Plum Creek rises in Hays County north of Kyle and runs south through Caldwell County, passing Lockhart and Luling, and eventually joins the San Marcos River at their confluence at the Caldwell-Gonzales County line. The main stem of Plum Creek is a 52 river mile segment with a drainage area of approximately 397 mi². Major tributaries to Plum Creek in the watershed include: Brushy Creek, Clear Fork of Plum Creek, West Fork of Plum Creek, Elm Creek, Dry Creek, Porter Creek, Tenney Creek and Salt Branch. Since long before the watershed resembled what it does today, Plum Creek has been an important part of the local landscape. Abundant freshwater springs flowing into Plum Creek around present day Lockhart have attracted people for hundreds of years. Plum Creek continues to play a critical role in the area, and the largest cities in the watershed are found very close to the stream and its tributaries. Water from the Plum Creek Watershed can be used for drinking water, irrigating both agricultural crops and lawns, watering livestock, and recreational purposes.

Water Quality

After high nutrient levels (both nitrogen and phosphorus) were found in Plum Creek in 1998, the Texas Commission on Environmental Quality also became concerned about E. coli bacteria in 2002. By 2004, parts of Plum Creek in both urban and rural areas were classified as having contact recreation impaired by E. coli. Nutrient levels also have remained high and pose a threat to stream health. According to the Draft 2008 Texas Water Quality Inventory and 303(d) List, Plum Creek (Segment 1810) continues to exhibit elevated nutrient levels and is impaired by elevated bacteria concentrations.

Watershed Partnership Formation

These water quality issues, in conjunction with land use across the watershed, increasing urban development, oil and gas production and potential for agricultural nonpoint source pollution, were considered when Plum Creek was selected for the watershed planning process.

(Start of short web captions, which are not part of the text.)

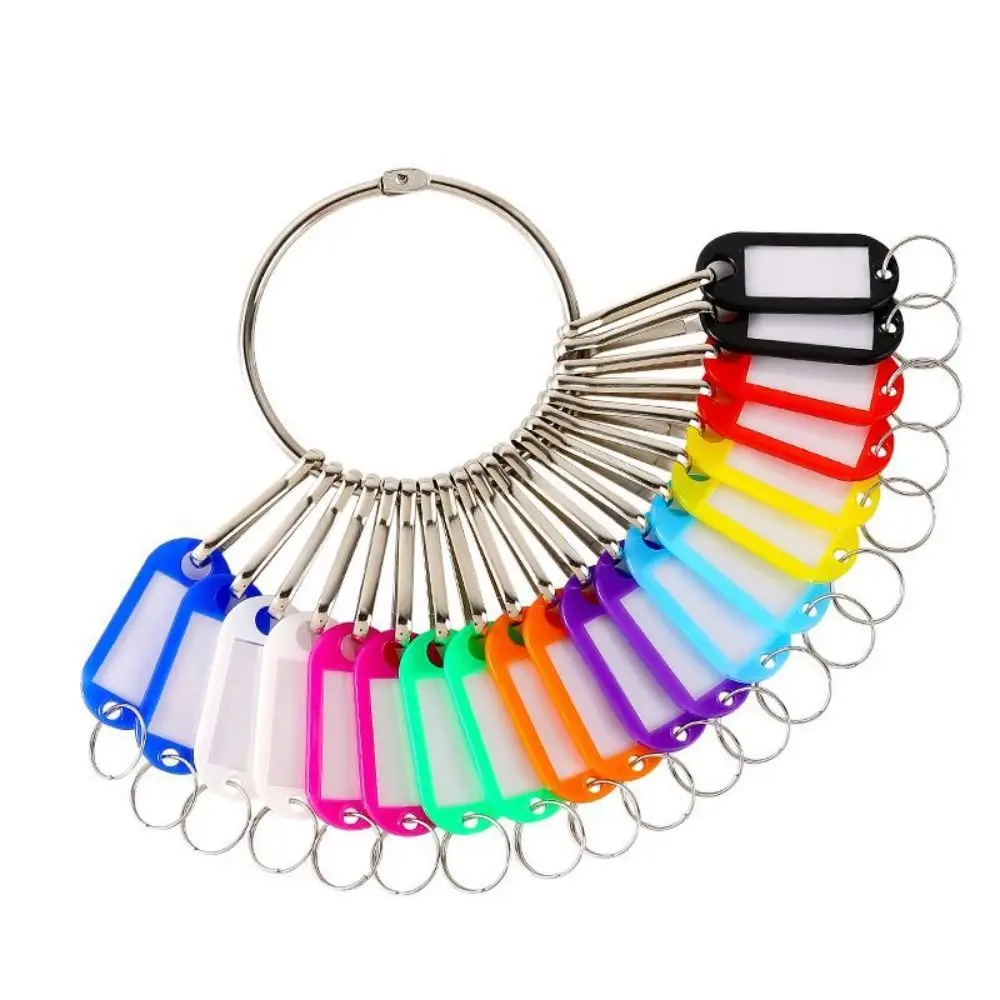 10/20/30/40 Pieces Transparent Window Key Ring Luggage Name Metal Split Rings With Number Plates Key Chains Plastic Key Tags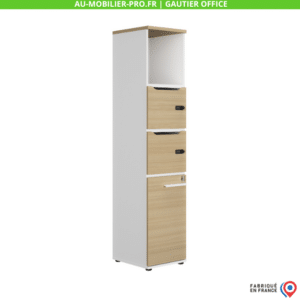 Armoire bureau haute, tiroirs bois, fabriquée en France.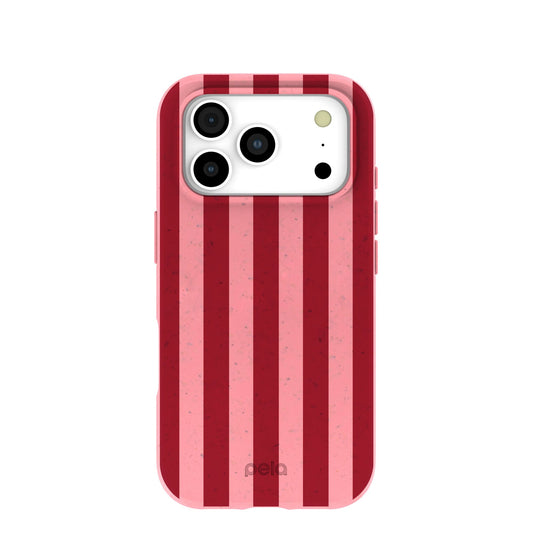 Bubblegum Pink Cherry Stripes iPhone 17 Pro Case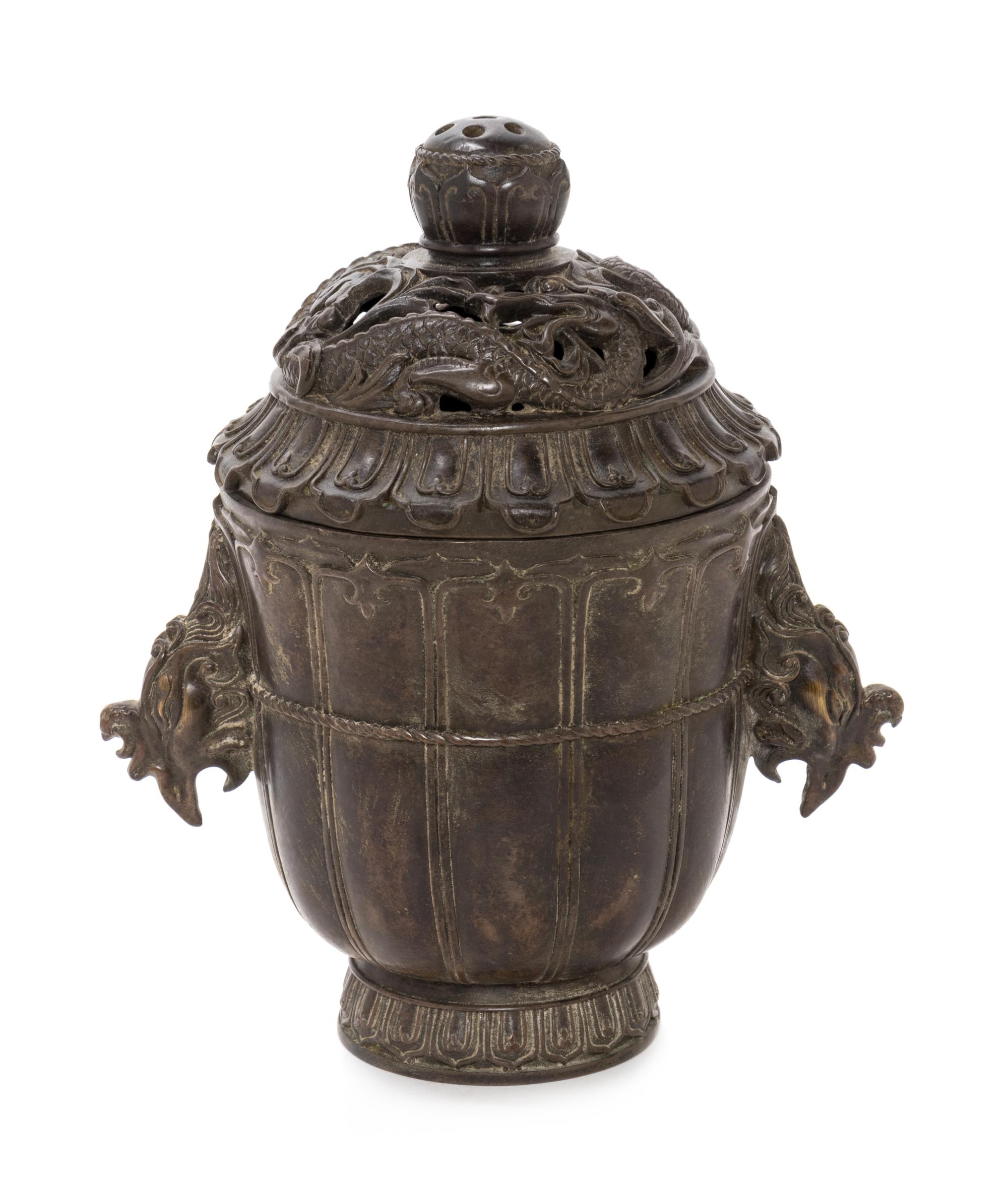 A Chinese Bronze Phoenix-Head Handled Censer and Cover Height 8 inches. — 20TH CENTURY
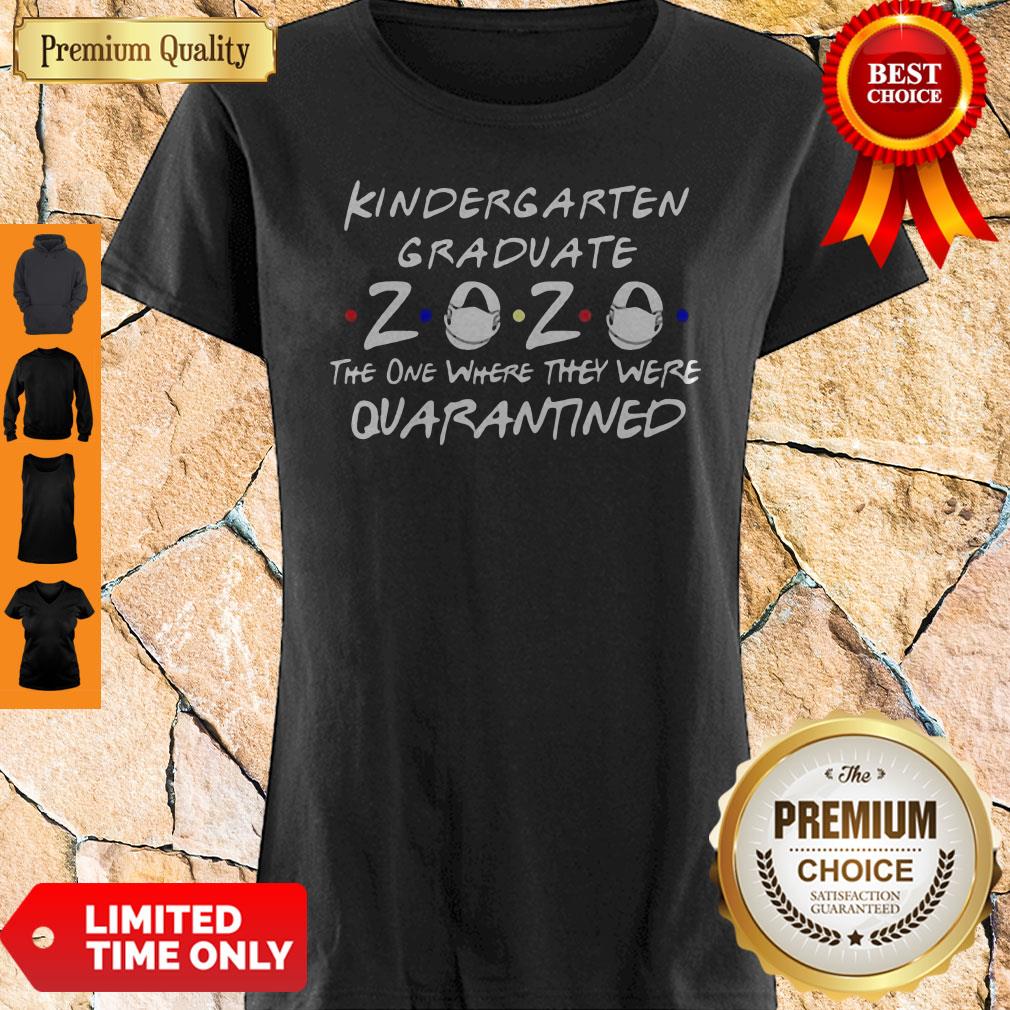 Nice Kindergarten Graduate 2020 Mask The One Where They Were Quarantined Shirt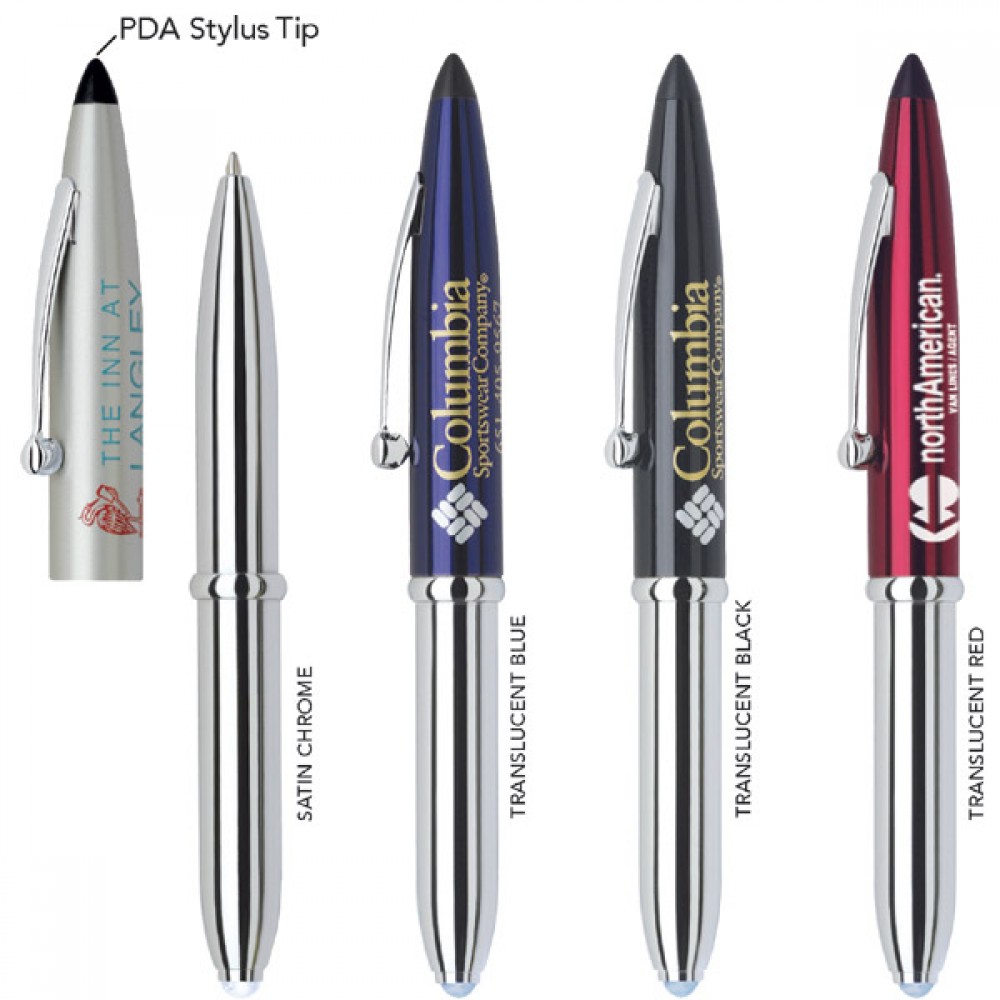 Luminary Compact Ballpoint Stylus Pen w/ Torch Light Custom Engraved Luminary Compact Ballpoint Stylus Pen w/ Torch Light Custom Engraved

To focus on cleaning up water in the stream, the Texas AgriLife Extension Service partnered with the Texas State Soil and Water Conservation Board to assemble a group of local citizens, city and county officials, and regional and state agencies. The resulting Plum Creek Watershed Partnership began to identify the causes of water pollution and develop strategies to increase awareness and improve conditions in Plum Creek. These strategies were used to create the Plum Creek Watershed Protection Plan, which details ways to work toward cleaning up the stream now and protecting it from pollution in the future.